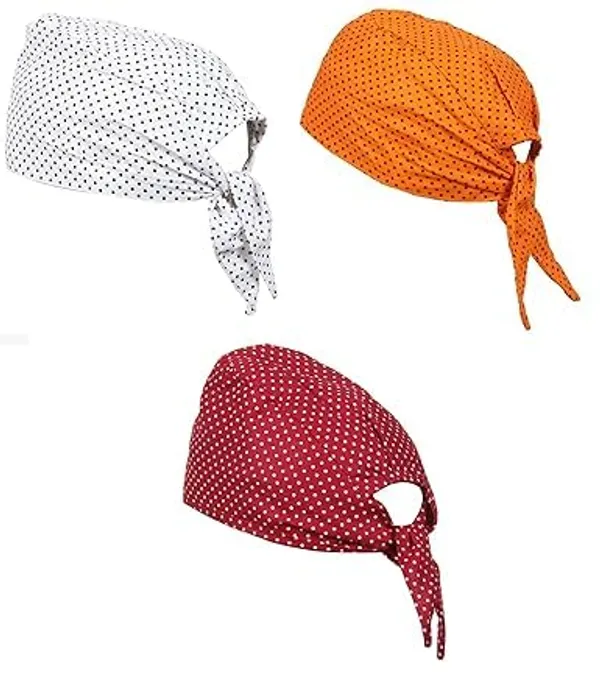 Multicolor_Pure_Cotton_Polka_Dot_Patka_Durag_Skull_Cap_Adjustable_Sweat_Wicking_Headband/Helmet_Liner_For_Riders,_Sports_And_Chemo_For_Unisex_Pack_Of_3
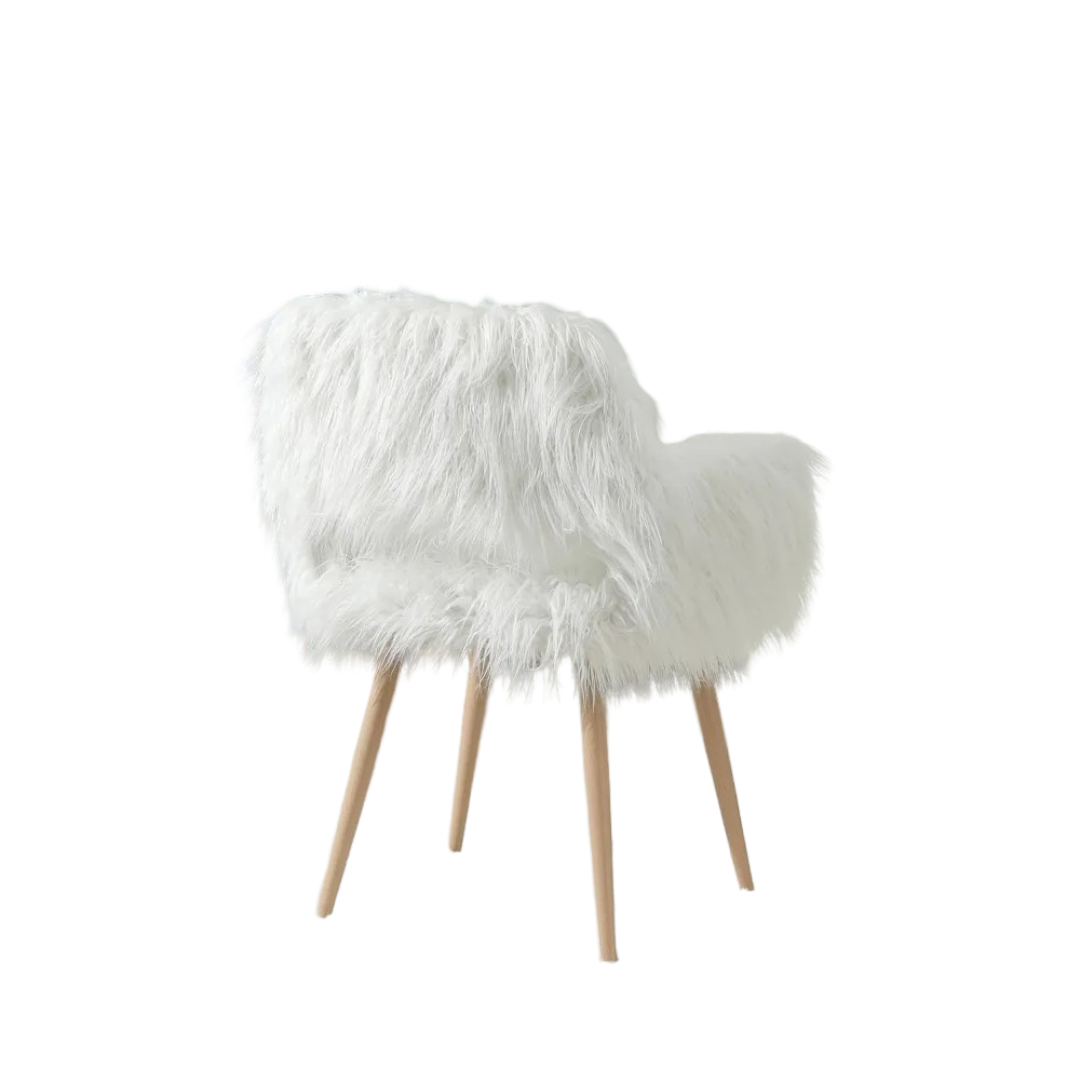 Faux Fur Vanity Chair - White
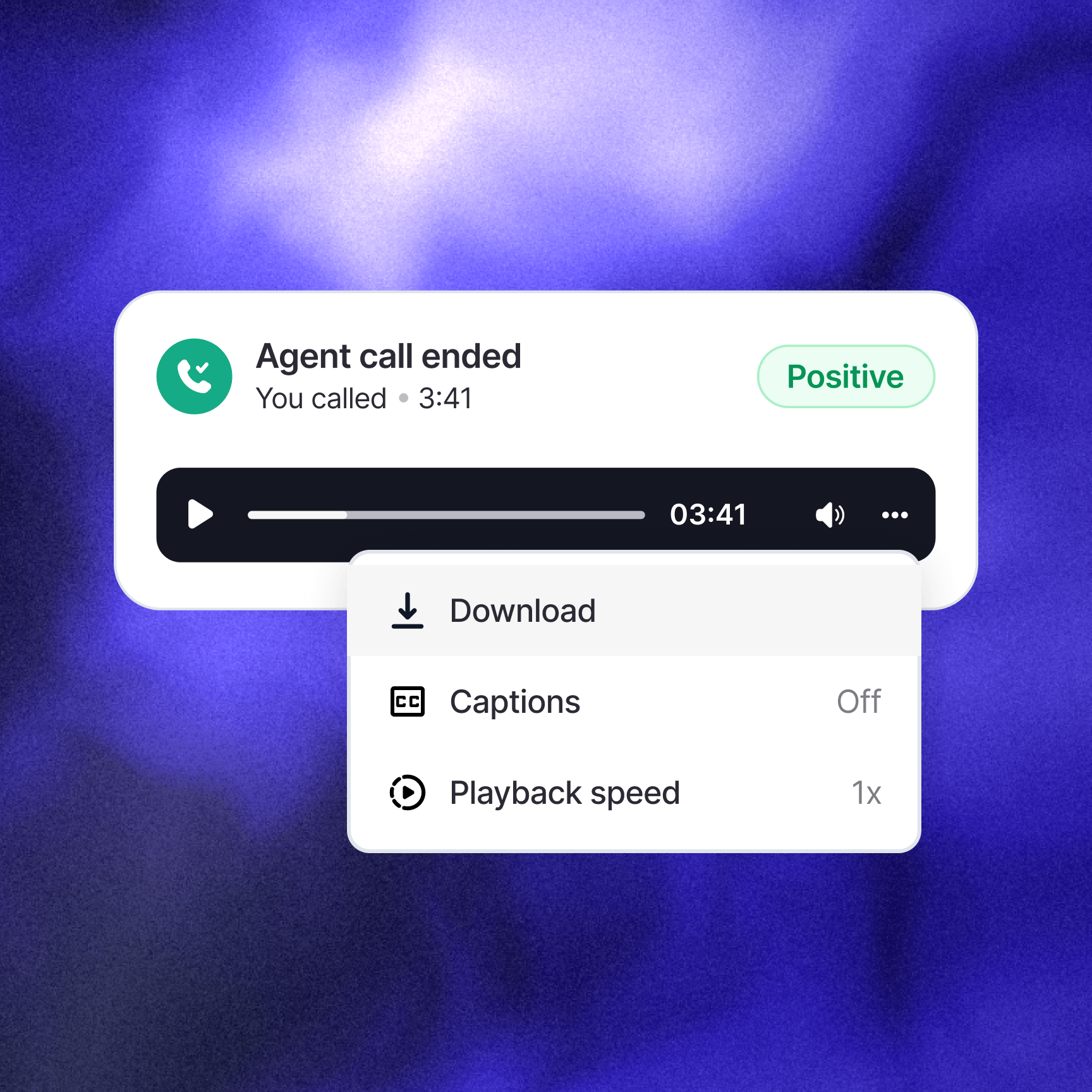 Call recording player showing a completed agent call marked Positive, with an open options menu for download, captions, and playback speed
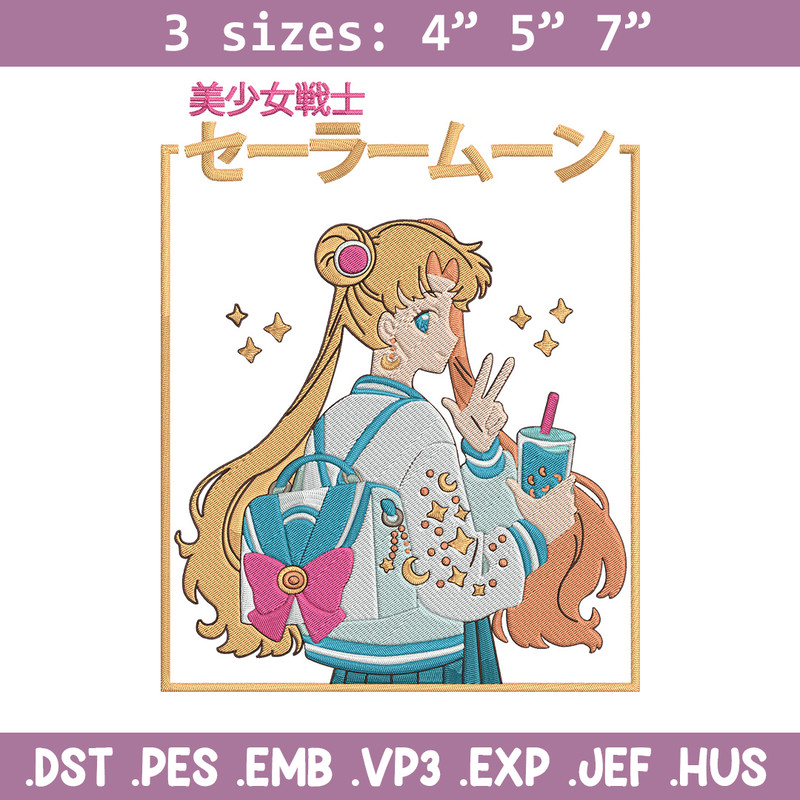 Sailor moon Embroidery Design,Sailor moon Embroidery, Embroidery File, Anime Embroidery, Anime shirt, Digital download.jpg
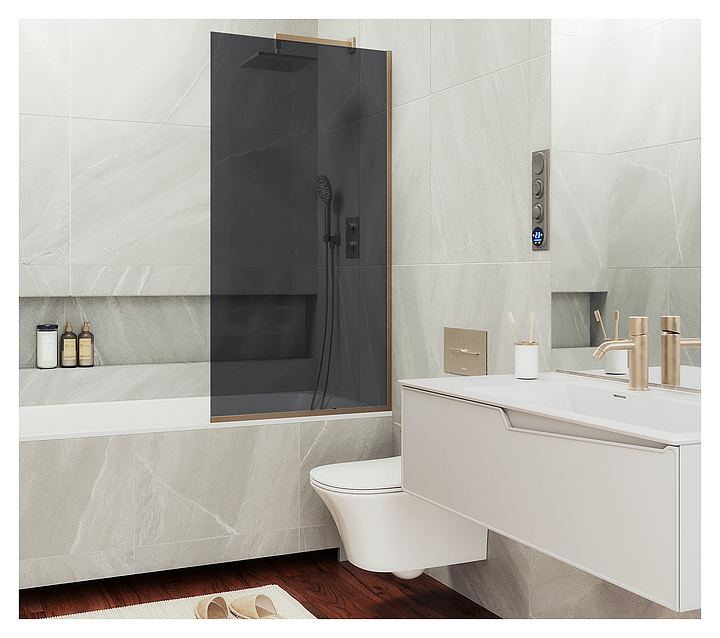 Шторка на ванну MaybahGlass MGV-83-2у 90х140 см, графит, бронза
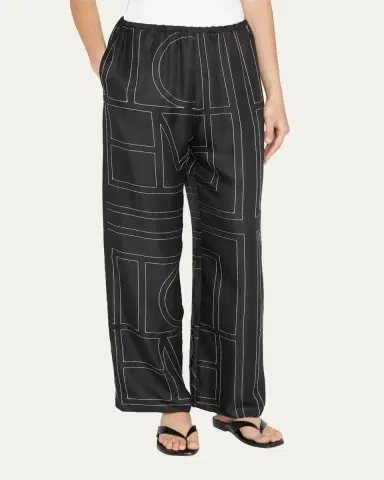 TOTEME Monogram-Embroidered Silk Pajama Pants | Thumbnail 4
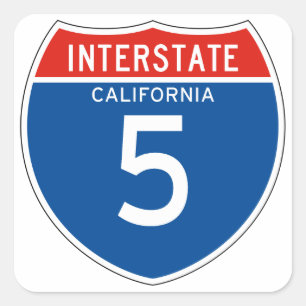 Interstate Sign 5 - Kalifornien Quadratischer Aufkleber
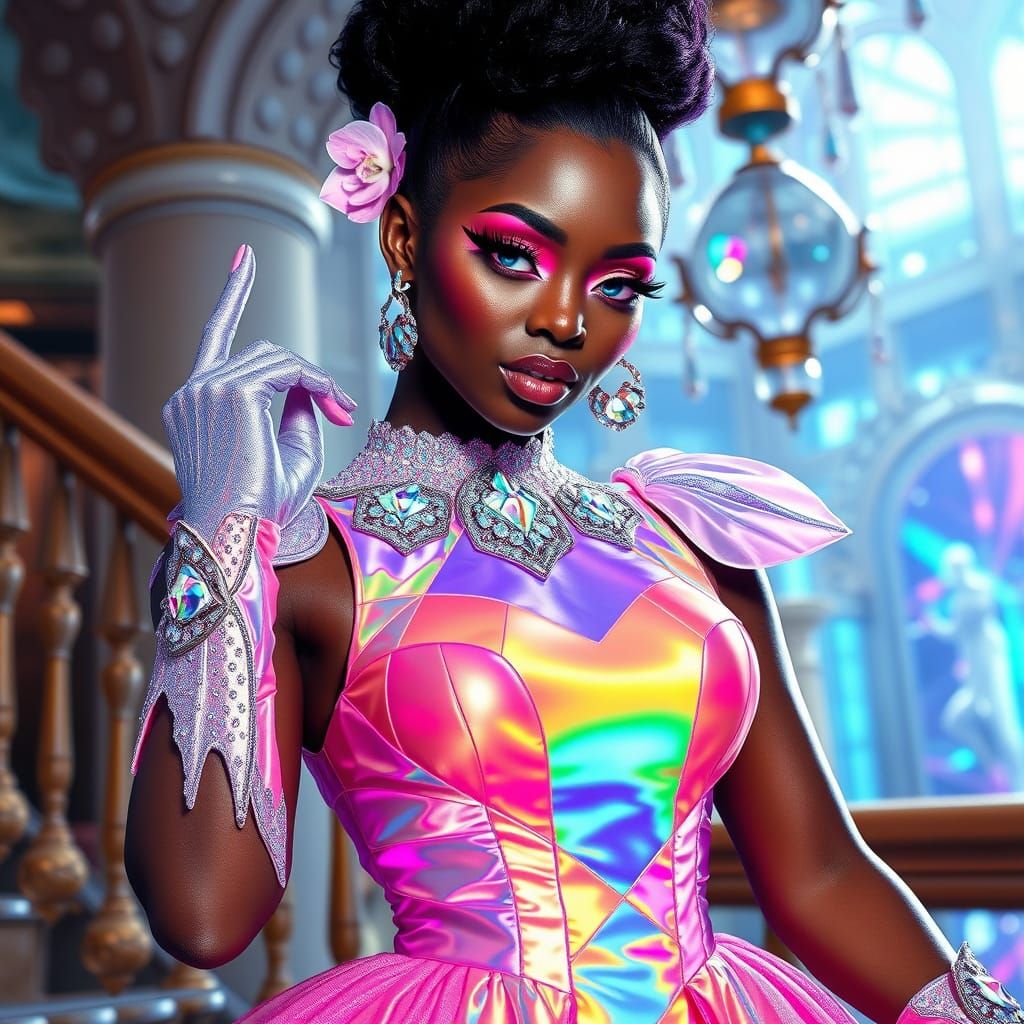 Neon Pop Portrait of Anara “The Prism Duchess” Vance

# [TASK DIRECTIONS]
Word for word, restate all of the data, but do not copy the pictures.

# [TASK OUTPUT]
 Multicolor_Pure_Cotton_Polka_Dot_Patka_Durag_Skull_Cap_Adjustable_Sweat_Wicking_Headband/Helmet_Liner_For_Riders,_Sports_And_Chemo_For_Unisex_Pack_Of_3
 Faux Fur Vanity Chair - White
 Call recording player showing a completed agent call marked Positive, with an open options menu for download, captions, and playback speed
 Sailor moon Embroidery Design,Sailor moon Embroidery, Embroidery File, Anime Embroidery, Anime shirt, Digital download.jpg
 Шторка на ванну MaybahGlass MGV-83-2у 90х140 см, графит, бронза
 TOTEME Monogram-Embroidered Silk Pajama Pants | Thumbnail 4
 Interstate Sign 5 - Kalifornien Quadratischer Aufkleber
 Neon Pop Portrait of Anara “The Prism Duchess” Vance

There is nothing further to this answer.